= James Cooper (artist) =

James Cooper, a.k.a. "Stick Daddy," was one of several African American artisans associated with the cane carving tradition in coastal Georgia during the early twentieth century. Ethnographers and art historians have seen this tradition as evidence of the persistence of African visual and cultural motifs into North America and modern period.

== Biography ==
Cooper's birth and death dates are not known. He made a living through miscellaneous jobs and repair services, which he conducted with a push-cart that he rolled through Savannah. He was known also to sell lunches to workers on break from the Savannah Sugar Refinery.

While he had never received formal instruction in art making or wood carving, he recalled to New Deal ethnographers that his grandfather had made baskets, chairs, and tables, working in the mediums of carpentry, cane-weaving, and basketry. Carving ornamental walking sticks was something Cooper had taken up "just for fun," but he imagined he "sort of inherited" his talent from his grandfather.
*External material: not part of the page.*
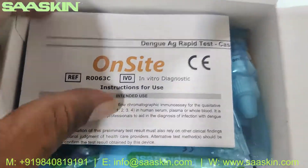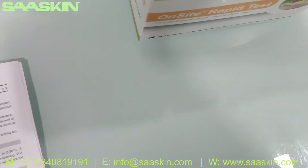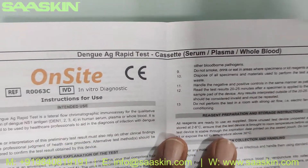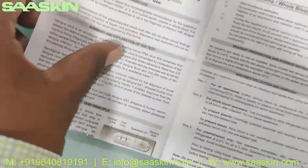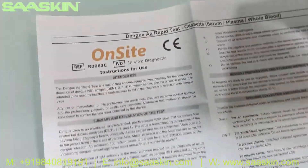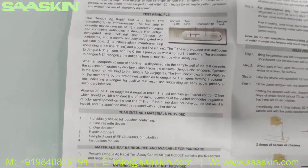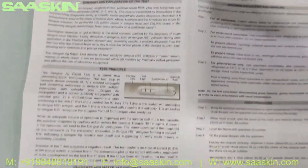There is an IFU brochure — here is the instruction manual. It says Dengue antigen rabbit test, on-site brand, and this is the reference part number. You can see this brochure has complete instructions, test procedures, and also the interpretation of the results.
== "Drums and Shadows," 1940 ==
His work and practice is known because of its inclusion in Mary Granger's Drums and Shadows (1940), a book of ethnography conducted under the auspices of the New Deal's Federal Writers' Project. The book contains multiple oral histories recorded from black informants then living in coastal Georgia. These personal accounts reproduced in dialect in the book.

== Cane Carving Techniques and Style ==
Historian of African American folk art practices, John Michael Vlach, has called carved walking sticks "perhaps the most sophisticate form in the Georgia tradition." Cooper carved thin canes, especially elegant in silhouette and design. As with other cane carvers in the African American tradition, Cooper frequently featured reptiles in his designs. His turtles, lizards, alligators, and snakes appeared on his canes in graphic relief, which he achieved through a combination of deeply carved outlines and staining techniques. His carved figures, which he polished, stood out above the grain of the wood, which he left natural.

In Drums and Shadows, it was reported that Cooper occasionally employed mixed media techniques, embedding everyday objects or even photographs into the canes' handles. In one case, a cane featured a "snapshot of a young [African American] girl."